But as the face of a franchise that’s mid-fizzle, DeRozan also epitomized its annual fragility in a way that makes his presence feel exhausting. Compared to the regular season, his points per shot attempt plummeted in the playoffs. Every single year. When opponents have seven games to strategize against him, DeRozan tends to shrink. That doesn’t mean he’s bad, but it’s fair for his team to look at what’s taken place over the past few years and want to distance themselves from his hefty contract. Exchanging it for a potential megastar without yielding any of their very best prospects is an indisputable coup.
Moving back to Leonard, let’s quickly glance at the financial fallout before we get into his on-court fit in Toronto. The 27-year-old is officially no longer eligible for the five-year, $221 million supermax contract only San Antonio could ink him to. The most Toronto can offer is about $190 million over five years (a $31 million pay cut), and the most any other team—aka the Los Angeles Lakers—can give is $141 million over four years. This dude really didn’t want to play for the Spurs.

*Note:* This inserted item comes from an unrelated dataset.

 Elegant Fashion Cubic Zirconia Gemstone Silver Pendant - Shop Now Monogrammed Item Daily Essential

What we don’t know is how reliable Leonard will be post-quadriceps injury, or if he’ll pout his way through a second-straight season. But for the sake of discussion, let’s assume that a change of scenery going into free agency will have Leonard on his best behavior, at the peak of his powers—the best-case scenario is the only one that's relevant. In how he affects both ends of the floor, this is the type of player who can do what DeRozan can’t. He’s a knockdown three-point shooter—off the dribble and spotting up—who can create for himself and others while locking down the opponent’s very best player. In a playoff series, few humans (like, LeBron, Kevin Durant, Curry, and maybe Harden?) are more valuable.

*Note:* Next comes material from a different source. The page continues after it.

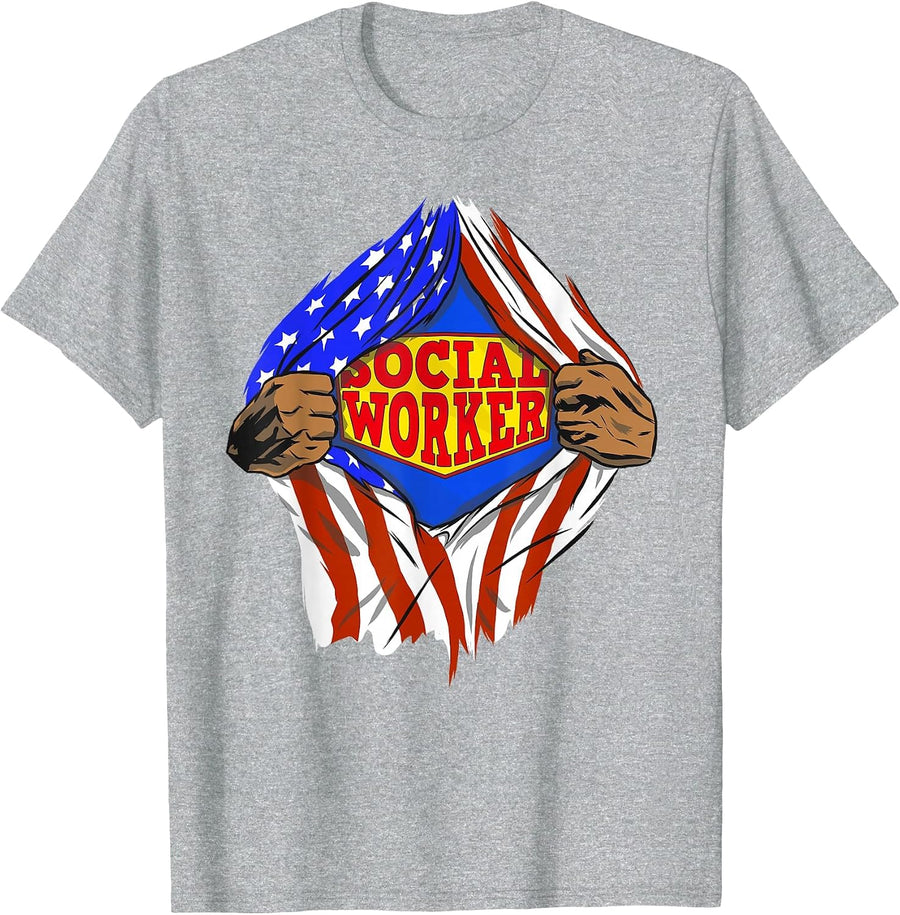 Funny Super Social Worker Hero Job T-Shirt - Heather Grey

This doesn’t make Toronto the favorite to emerge from the Eastern Conference, but it does vault them well past every team except the Boston Celtics. Putting Leonard on the wing, they can throw out some of the most physically intimidating lineups in the league, with Jonas Valanciunas, Serge Ibaka, Anunoby, and Lowry/Fred VanVleet/Delon Wright at the point. They can also get extremely modern and throw Leonard deeper into the frontcourt (next to Pascal Siakam) with three guards scampering around, wreaking havoc. Norm Powell, Green, and C.J. Miles allow the Raptors to play five legitimately like-sized players at the same time and not get crushed. It's all very devastating. Leonard is a franchise-altering presence who will alleviate an aging Lowry while up-and-comers bloom by his side. How it all fits with Nick Nurse's vision is unknown, and time isn't on Toronto's side; there's still a better chance than not that Leonard leaves as a free agent next summer. But even if that happens, the thought of building around a young core, whatever they can get for Lowry on the trade market, and the cap space (though not max room next summer) afforded by DeRozan's departure is not atrocious. They were headed for a rebuild sooner or later, and this is one of the sweetest ways to get there.

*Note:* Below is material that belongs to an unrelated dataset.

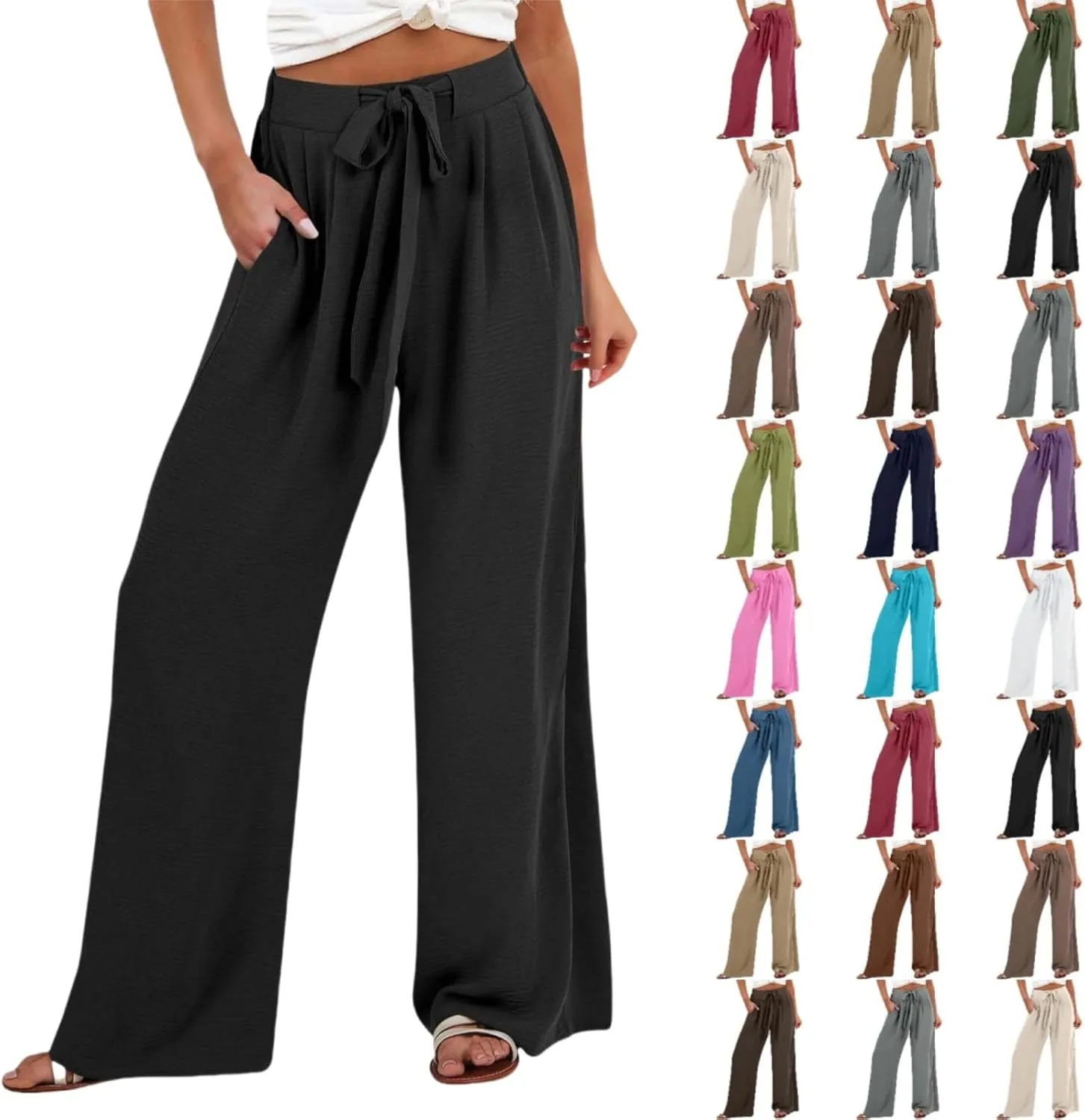 Women's Work Pants Wide Leg 2025 Paperbag Dress Pants Casual Belted Slacks Office Trousers High Waisted with Pockets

If the Raptors struggle to fit Leonard in, and for whatever reason take a step back from what they were the past couple seasons, watching Masai Ujiri dangle Leonard before the trade deadline will be fascinating. (The haul on that sort of deal won’t be anything special, but if it’s clear Toronto won’t make a deep playoff run or retain Leonard's service, something is better than nothing.) Either way, this is a trade that Toronto will make 101 times out of 100, and Ujiri should be commended for being so bold without cutting the strings on his safety net.
San Antonio Spurs
Gregg Popovich will celebrate his 70th birthday in January. He understandably wants no part of a rebuild, and San Antonio’s entire offseason up until and including this trade reflects that. They re-signed Rudy Gay, Bryn Forbes, and Davis Bertans, folded old friend Marco Belinelli back into the mix, let Tony Parker walk, and valued DeRozan over any future-asset-heavy packages that were offered for Leonard by a third of the league's teams.
The Spurs did not get Siakam, Anunoby, Powell, or Wright, and instead took the 22-year-old Poeltl—a smart, talented, productive seven footer—along with a protected pick. That’s not enough, on paper, and reveals how little leverage San Antonio had, given what their goals are over the next few seasons.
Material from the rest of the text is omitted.